Available data:
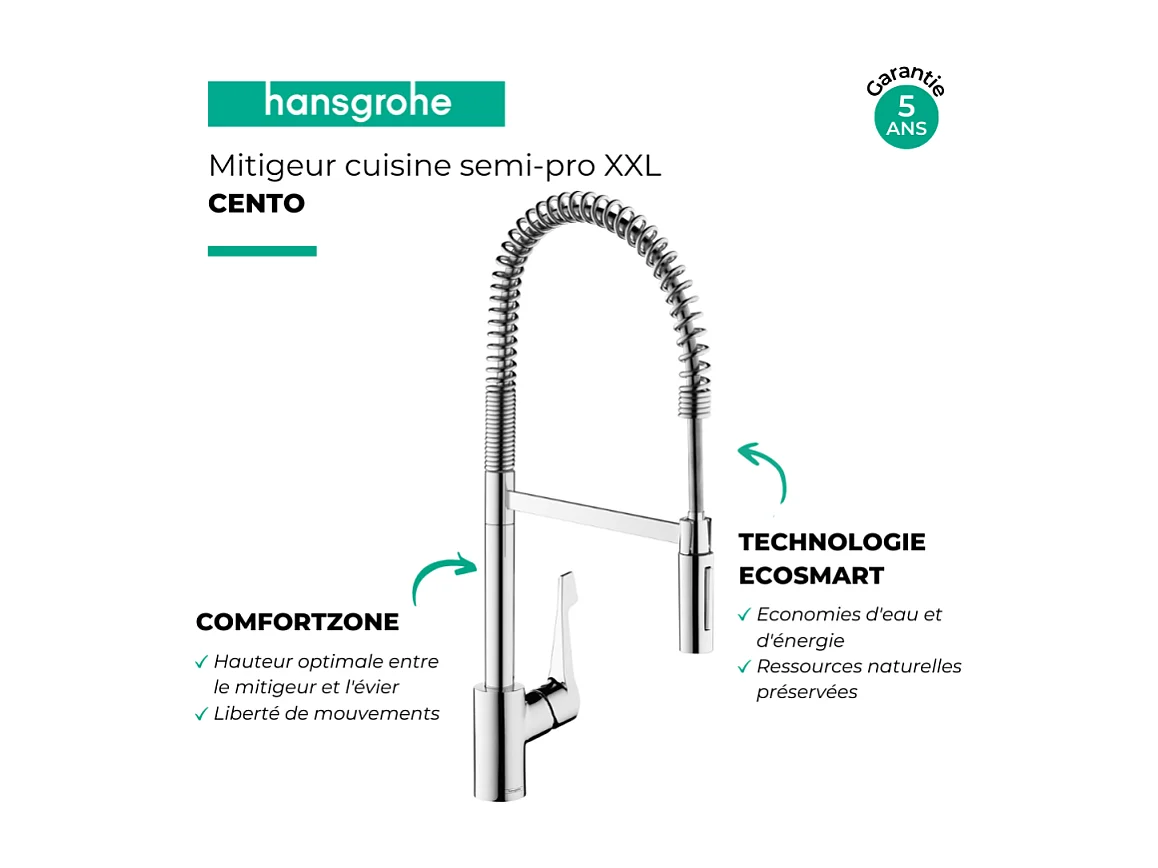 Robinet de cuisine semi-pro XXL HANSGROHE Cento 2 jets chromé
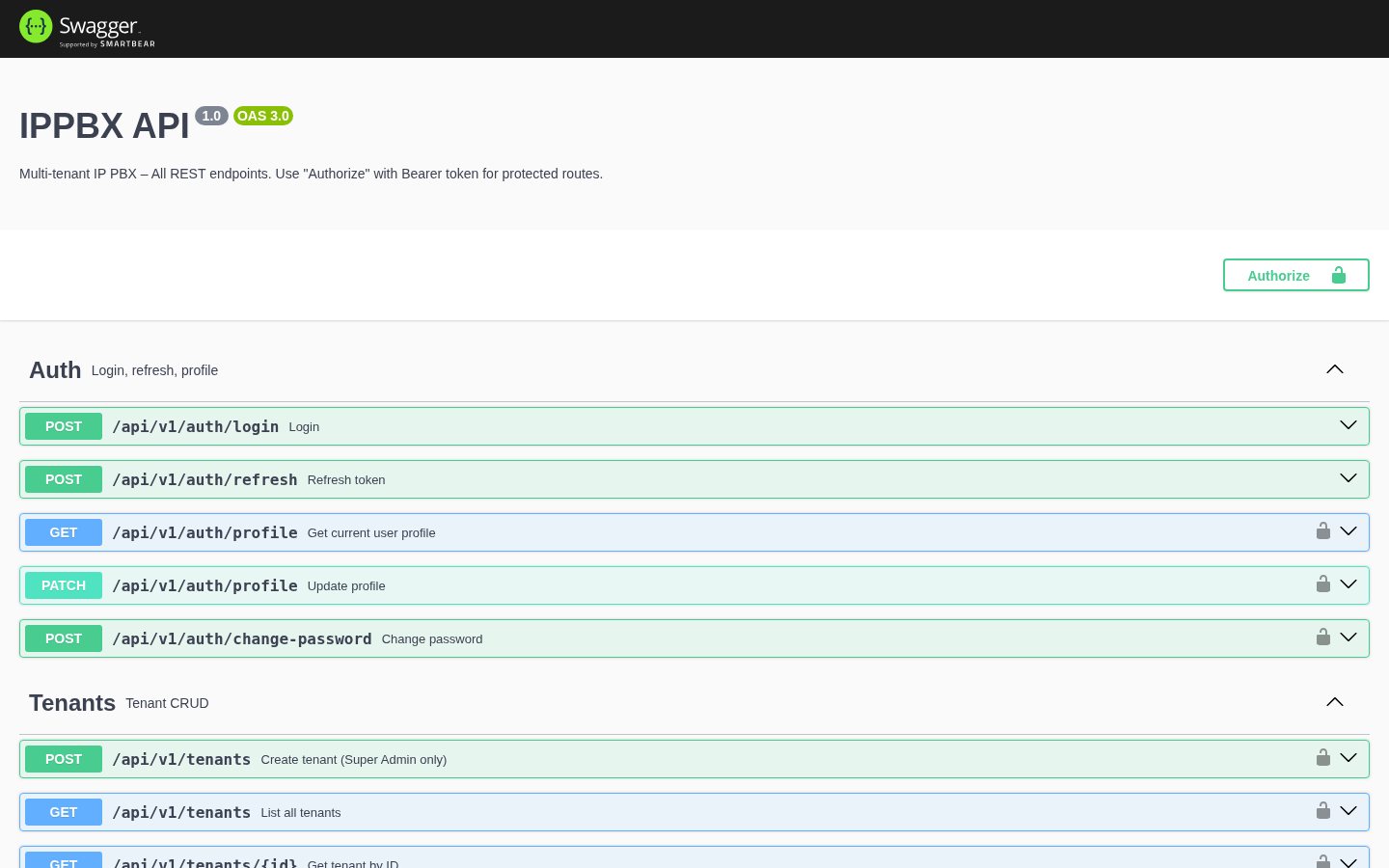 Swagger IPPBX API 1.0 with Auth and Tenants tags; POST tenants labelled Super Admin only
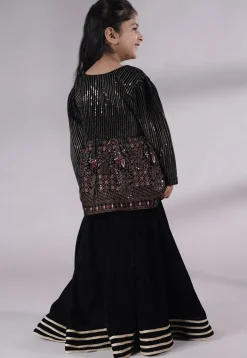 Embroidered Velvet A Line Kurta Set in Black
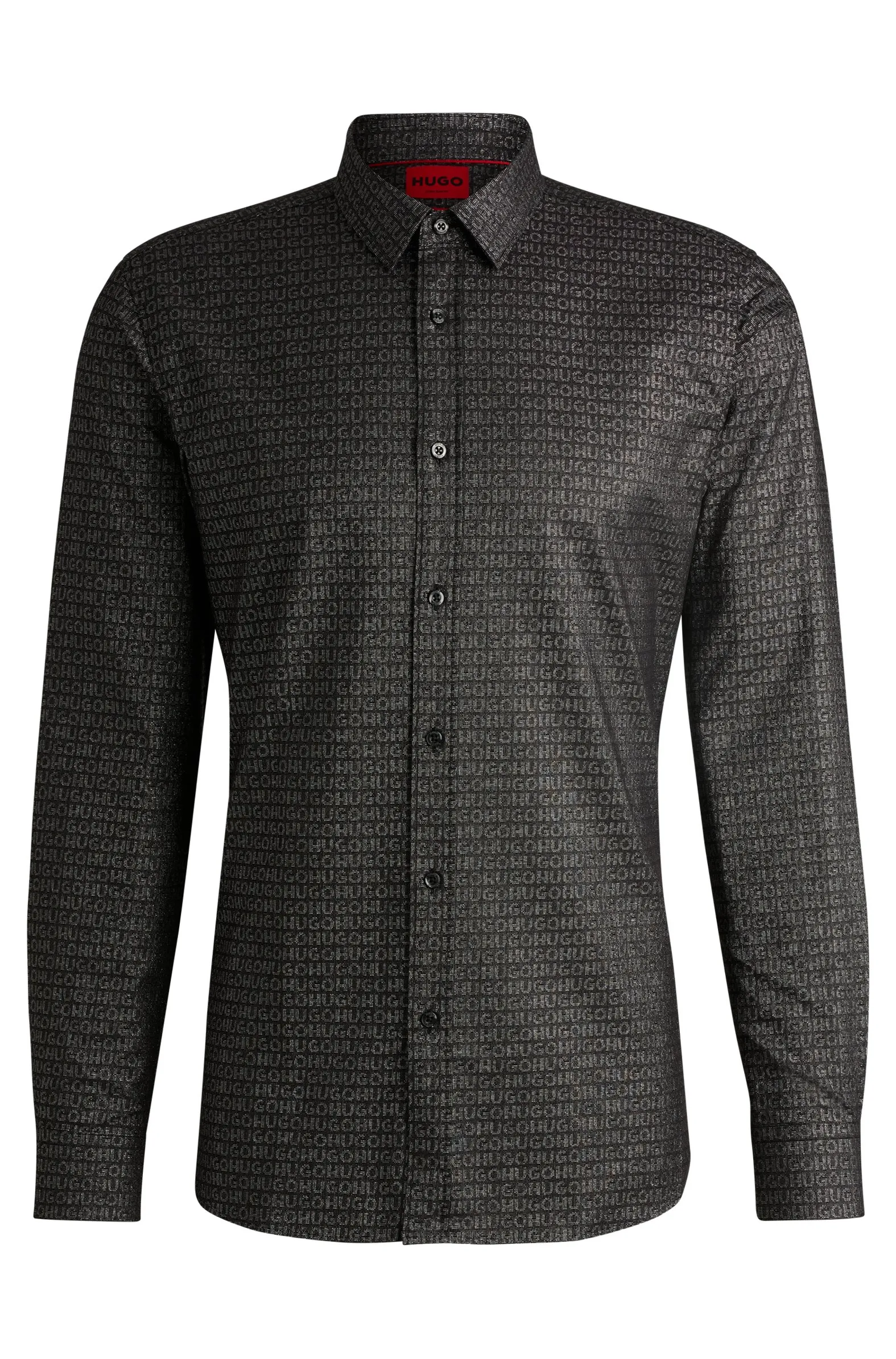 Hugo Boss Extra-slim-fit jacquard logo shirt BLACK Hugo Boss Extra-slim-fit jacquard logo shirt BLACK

Work request:
Locate the line containing "Embroidered Velvet A Line Kurta Set in Black" in the material above, then repeat it and every later line exactly, with no pictures.

Task result:
 Embroidered Velvet A Line Kurta Set in Black
 Hugo Boss Extra-slim-fit jacquard logo shirt BLACK Hugo Boss Extra-slim-fit jacquard logo shirt BLACK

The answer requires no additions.